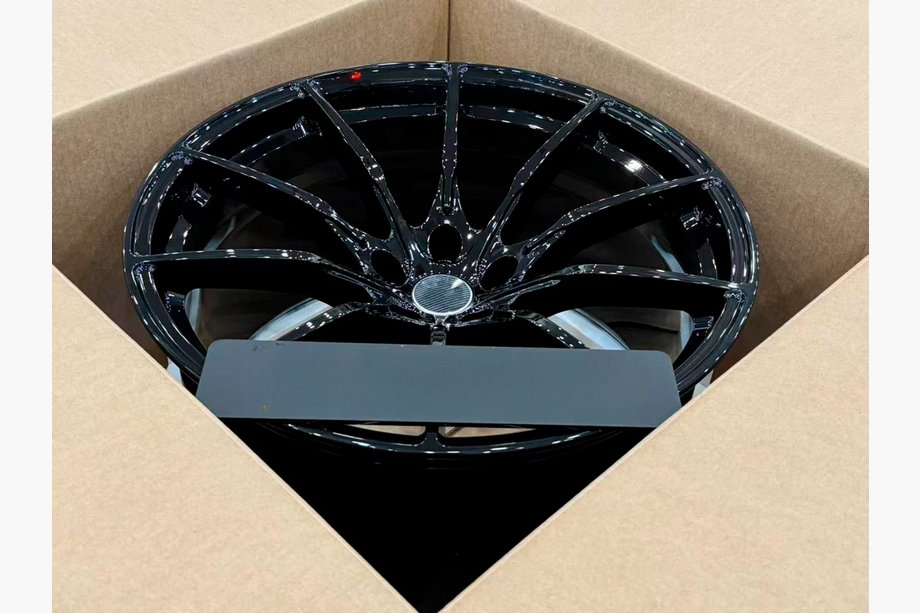McLaren 540C/570S 2015–2020 OEM smidda fälgar R19 R20 V1 (4 st) Foto 4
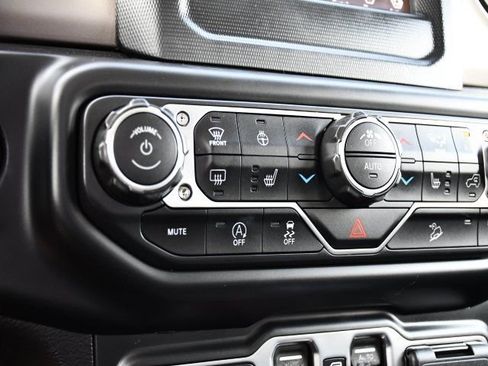 Used 2018 Jeep Wrangler Unlimited Sport S AWD/4WD image 21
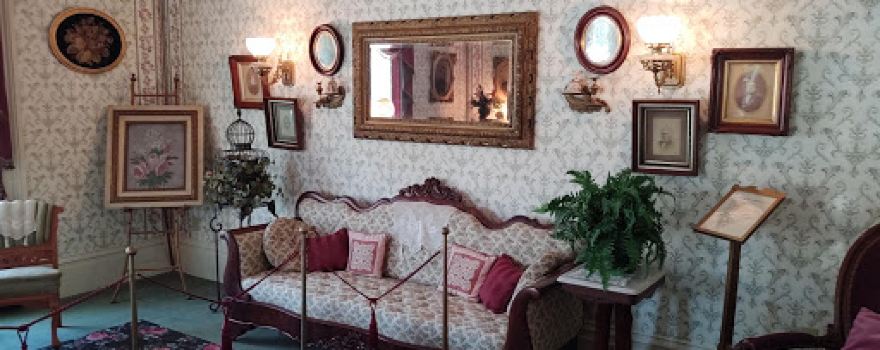 Rich-Twinn Octagon House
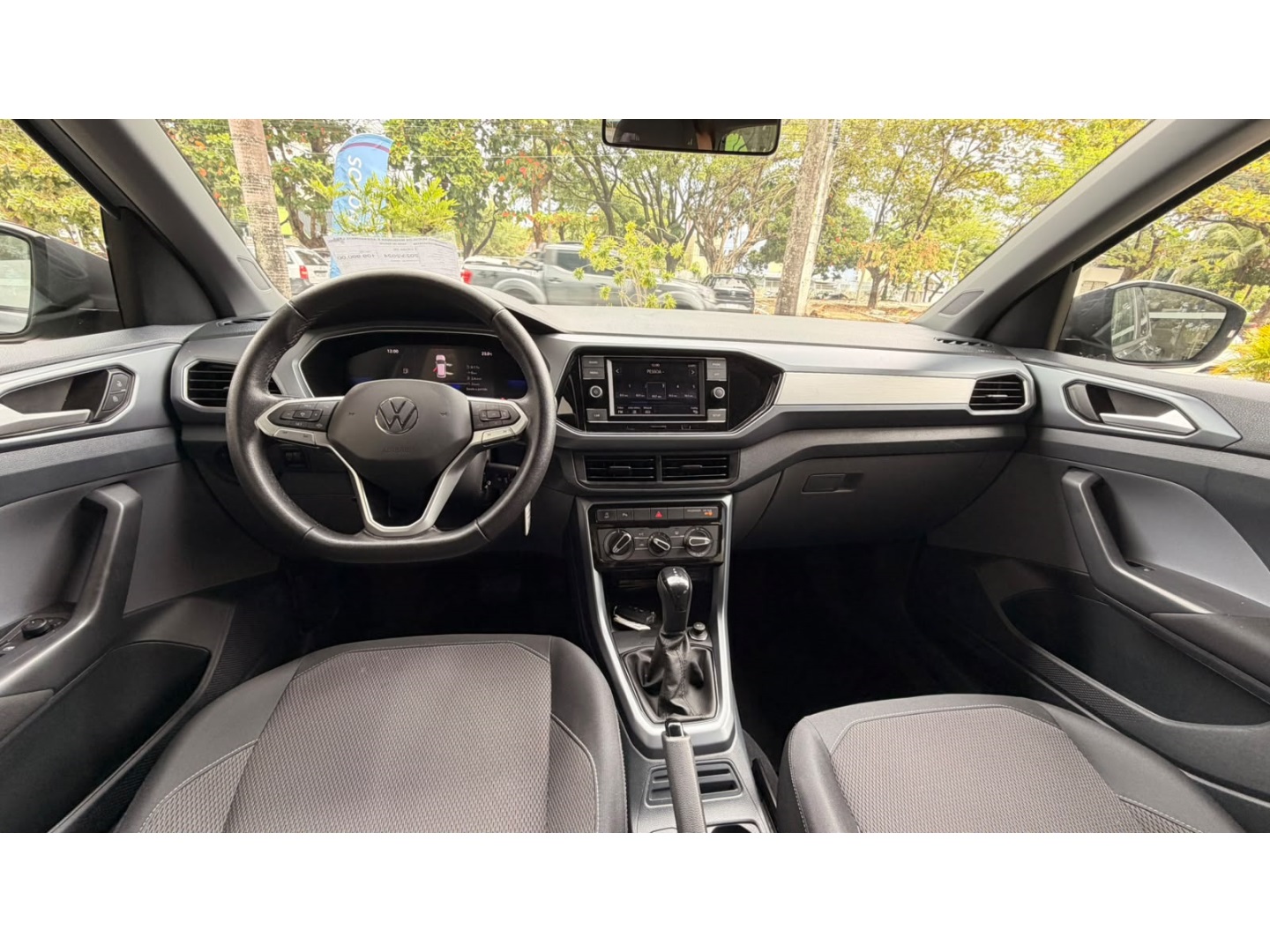 VOLKSWAGEN T-CROSS 1.0 200 TSI TOTAL FLEX AUTOMÁTICO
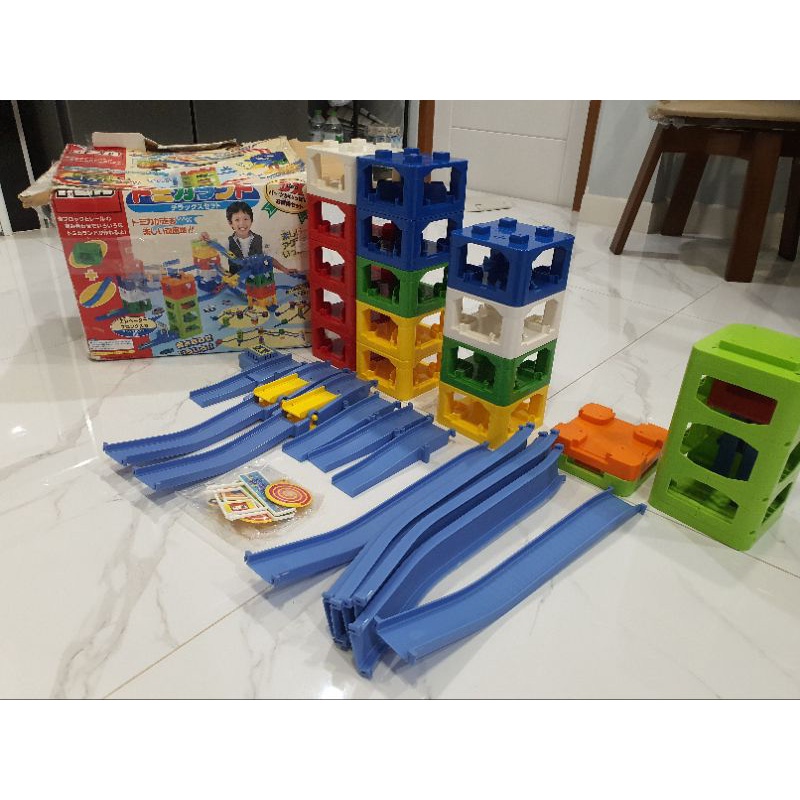 รางรถ Tomica ขนาดใหญ่ต่อได้หลายแบบ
++++++
#### What you are asked to do
Leave the images aside and return the records above exactly as written.

#### Task output
McLaren 540C/570S 2015–2020 OEM smidda fälgar R19 R20 V1 (4 st) Foto 4
 Used 2018 Jeep Wrangler Unlimited Sport S AWD/4WD image 21
 Rich-Twinn Octagon House
 VOLKSWAGEN T-CROSS 1.0 200 TSI TOTAL FLEX AUTOMÁTICO
 รางรถ Tomica ขนาดใหญ่ต่อได้หลายแบบ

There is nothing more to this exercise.